## Work to complete
Your answer must be the exact lines below, starting with the line with "novo CD Festa" and going on through the line with "2011-hyundai-30l-7a-image-15", both included, with no pictures.

## Task input

┌──

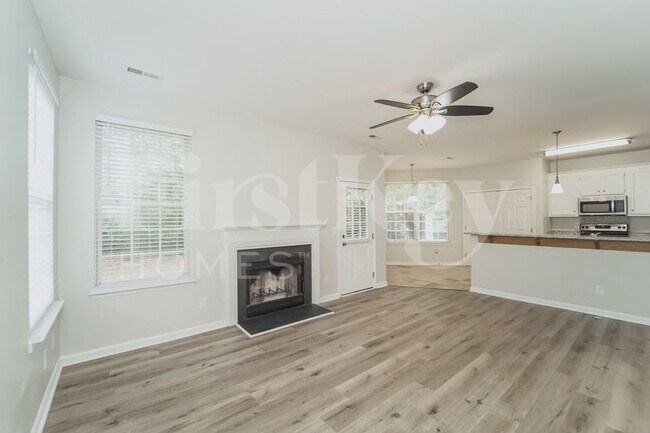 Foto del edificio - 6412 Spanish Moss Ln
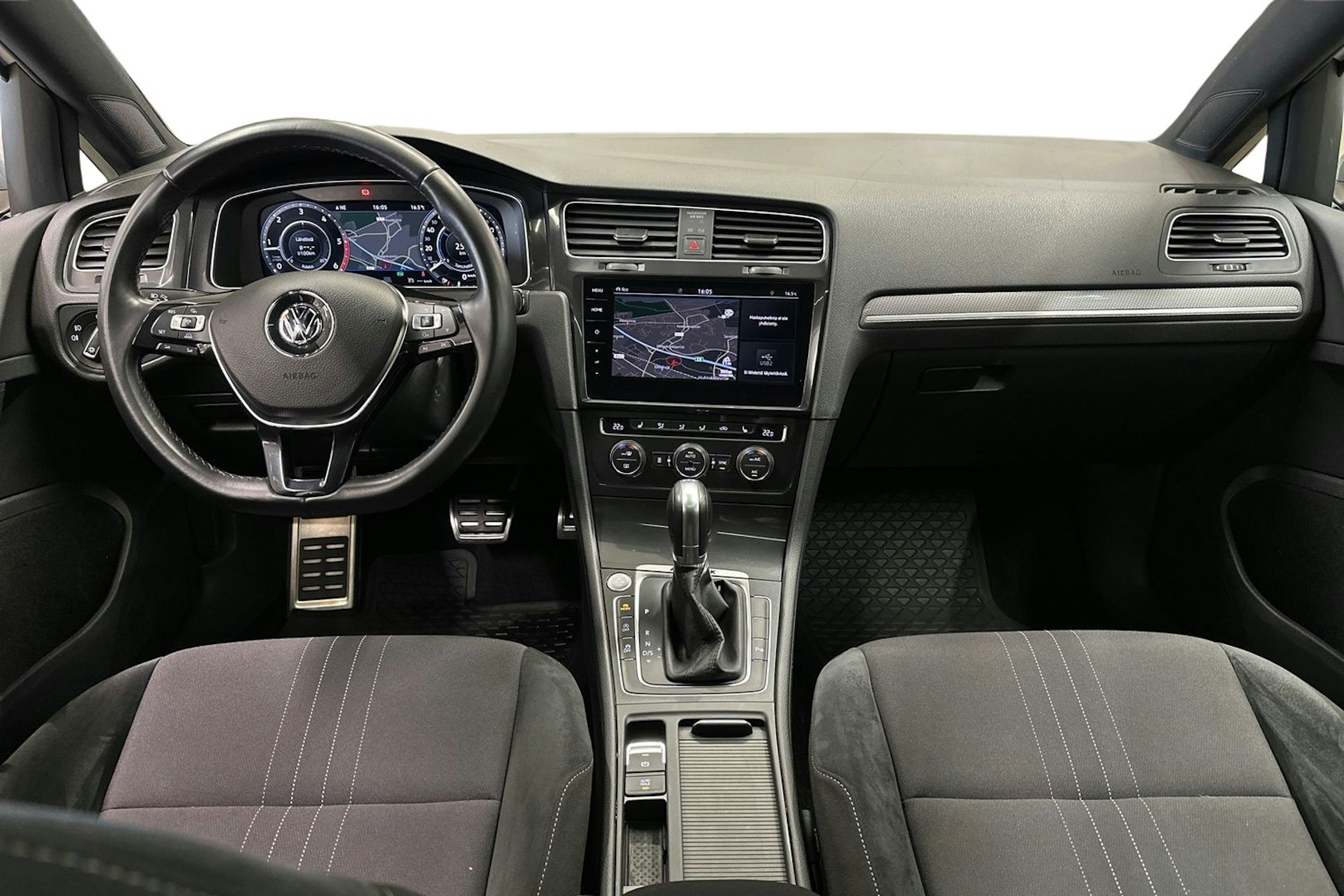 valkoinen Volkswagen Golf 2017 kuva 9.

└──
┌──

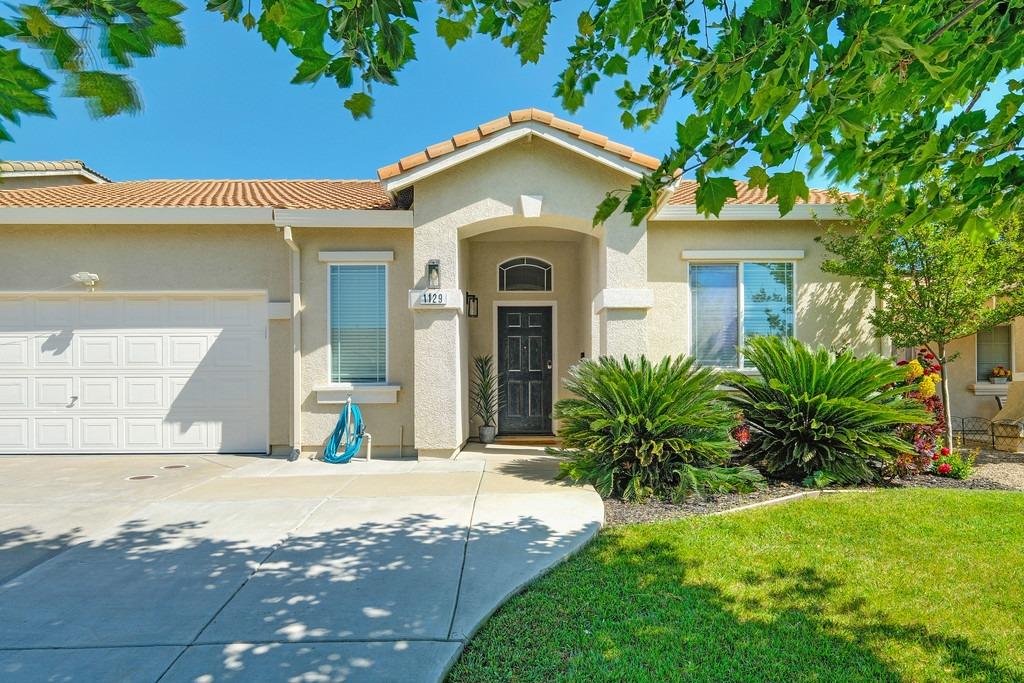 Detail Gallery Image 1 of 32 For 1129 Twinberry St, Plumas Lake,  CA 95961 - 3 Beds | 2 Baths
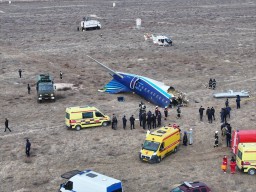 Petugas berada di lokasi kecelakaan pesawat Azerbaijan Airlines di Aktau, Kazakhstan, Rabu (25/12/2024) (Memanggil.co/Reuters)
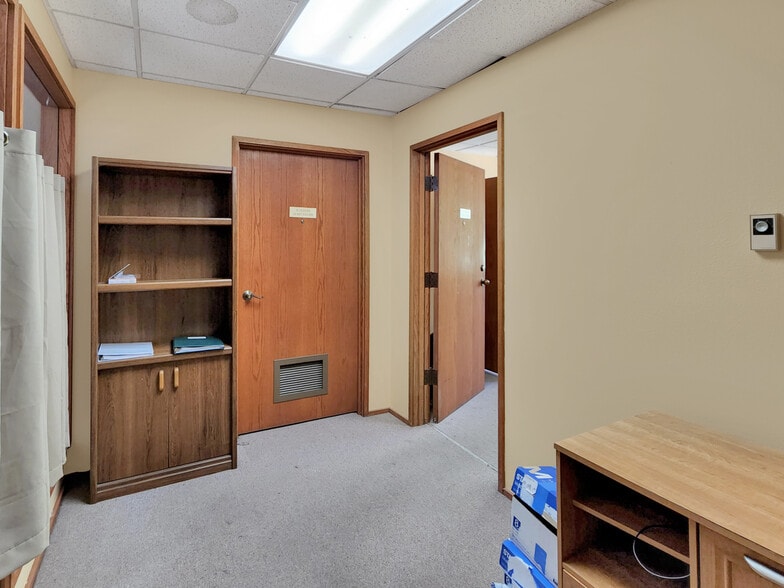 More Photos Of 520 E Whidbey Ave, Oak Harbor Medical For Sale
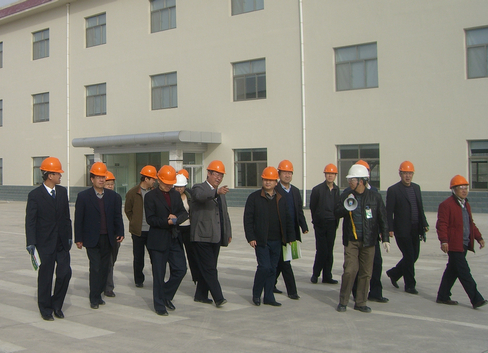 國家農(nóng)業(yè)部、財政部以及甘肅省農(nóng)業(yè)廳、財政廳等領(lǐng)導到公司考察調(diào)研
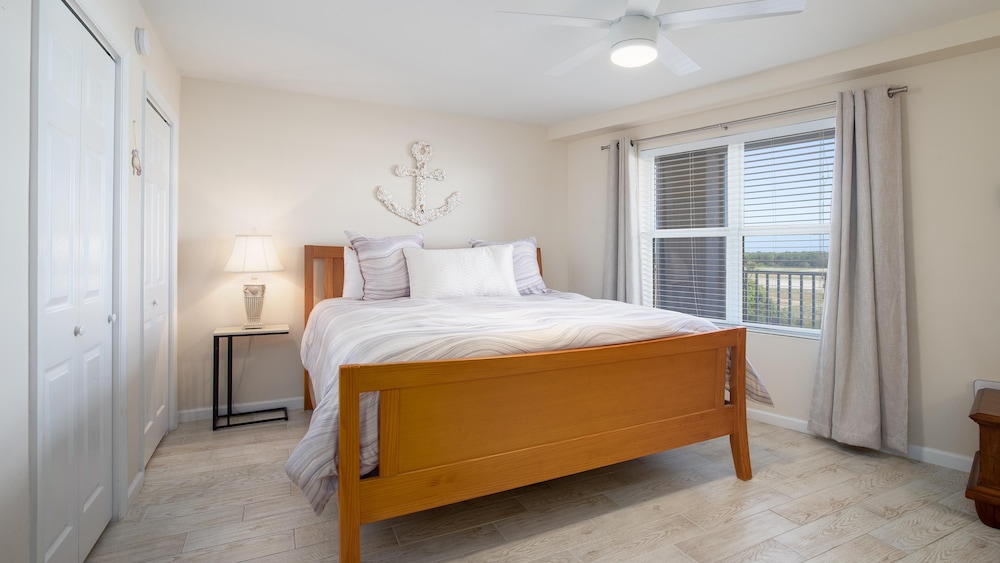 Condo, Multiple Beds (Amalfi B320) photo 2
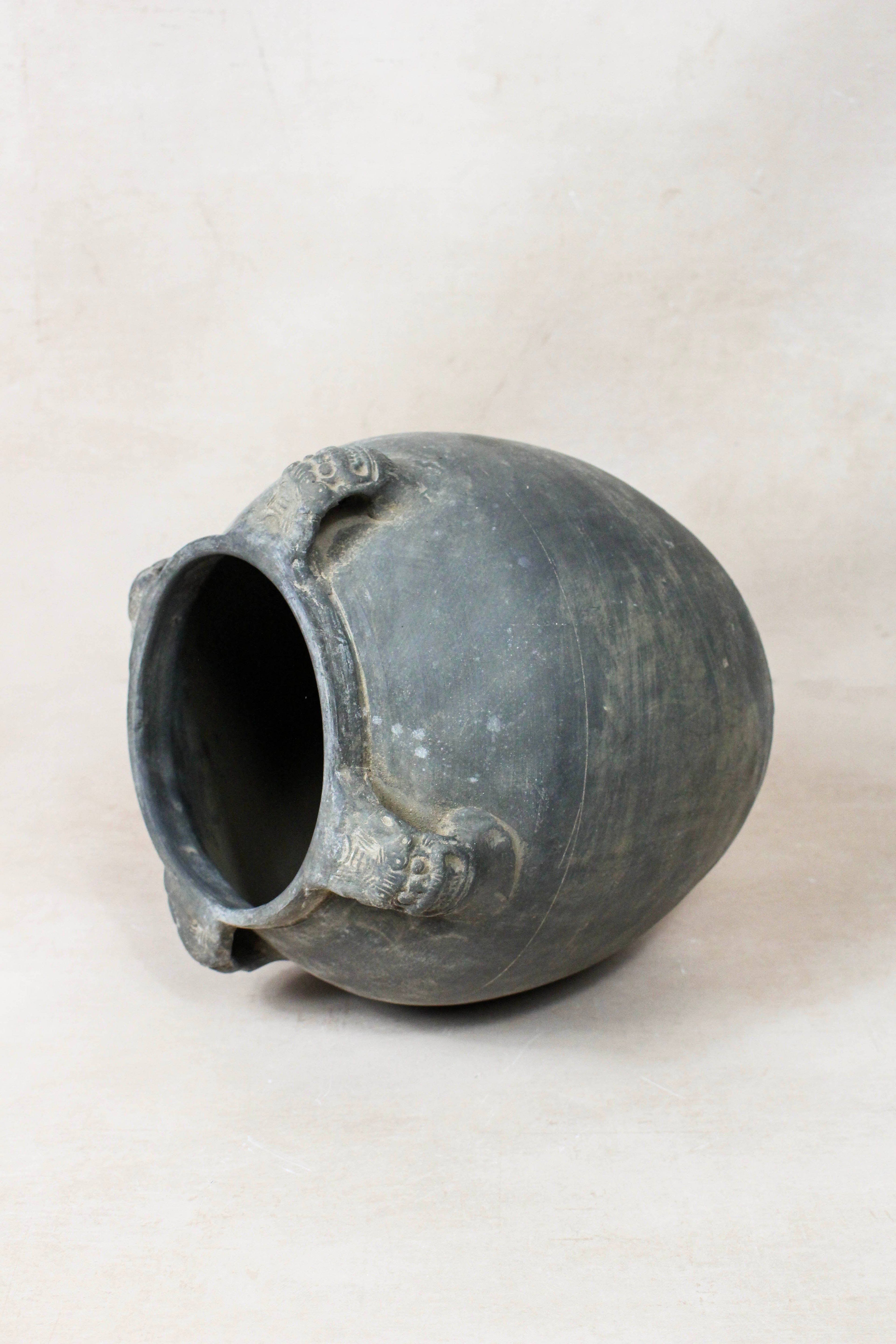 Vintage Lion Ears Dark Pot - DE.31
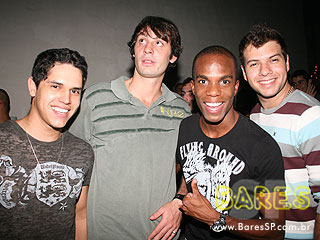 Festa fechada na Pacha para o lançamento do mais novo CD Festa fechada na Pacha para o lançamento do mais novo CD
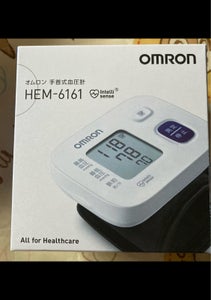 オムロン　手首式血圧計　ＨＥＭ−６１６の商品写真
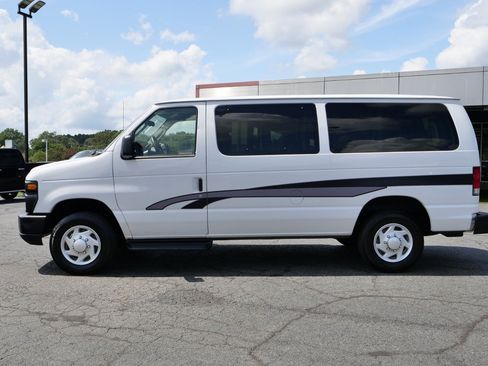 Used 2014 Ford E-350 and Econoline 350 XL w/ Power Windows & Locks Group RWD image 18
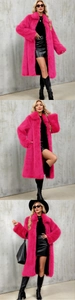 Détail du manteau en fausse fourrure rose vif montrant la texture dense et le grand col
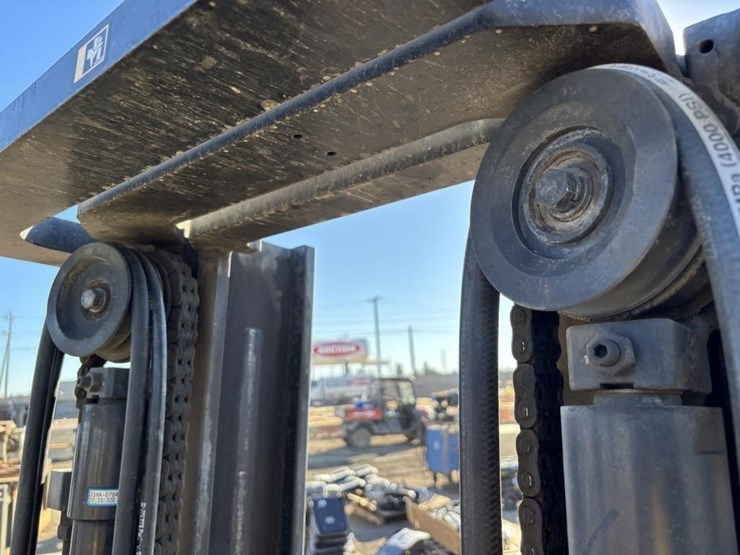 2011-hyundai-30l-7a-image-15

└──
┌──

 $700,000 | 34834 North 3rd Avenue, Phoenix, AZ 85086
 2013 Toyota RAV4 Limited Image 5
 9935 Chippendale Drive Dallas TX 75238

└──

## Result of the task
 Festa fechada na Pacha para o lançamento do mais novo CD Festa fechada na Pacha para o lançamento do mais novo CD
 オムロン　手首式血圧計　ＨＥＭ−６１６の商品写真
 Used 2014 Ford E-350 and Econoline 350 XL w/ Power Windows & Locks Group RWD image 18
 Détail du manteau en fausse fourrure rose vif montrant la texture dense et le grand col
 2011-hyundai-30l-7a-image-15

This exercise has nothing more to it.